The City of Seattle recently brought in a goat farmer from Spokane (Healing Hooves, via Treehugger) to help clear away blackberry brambles on a steep hillside around a utility substation that had become a fire hazard, and the brown-eyed herd proved quite obliging.
Turns out, with the right training, goats, sheep and even cattle can survive and thrive on a mixture of weeds, brush, and grasses, thus helping to control weeds and reduce fire danger.
Now then, what about Cat's Claw (Caesalpinia decapetala)? One of the islands' most troubling invasive species, this woody vine with sharp thorns and yellow flowers forms impenetrable thickets over widespread areas of Kaua'i, O'ahu, and Hawai'i.

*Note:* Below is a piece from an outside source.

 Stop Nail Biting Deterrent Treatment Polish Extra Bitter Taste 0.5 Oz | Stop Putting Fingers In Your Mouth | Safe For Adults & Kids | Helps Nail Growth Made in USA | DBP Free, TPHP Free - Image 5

Cat's Claw is not among Kauai's top-10 priority invasives, yet it gets a mention since I'm a hiker. (Ever try to extricate yourself from Cat's Claw? Kolohe nui!)
This native of tropical Asia was introduced as a fence plant for ranches before 1910, but the recurved thorns proved lethal, killing a cow on Kaua'i.
But heck, goats are also an introduced species (brought to the islands by Europeans as a food source in the early 1800s), and goats are known to eat other woodies, like catbrier...
They might as well be guided to eat vegetation we don't want.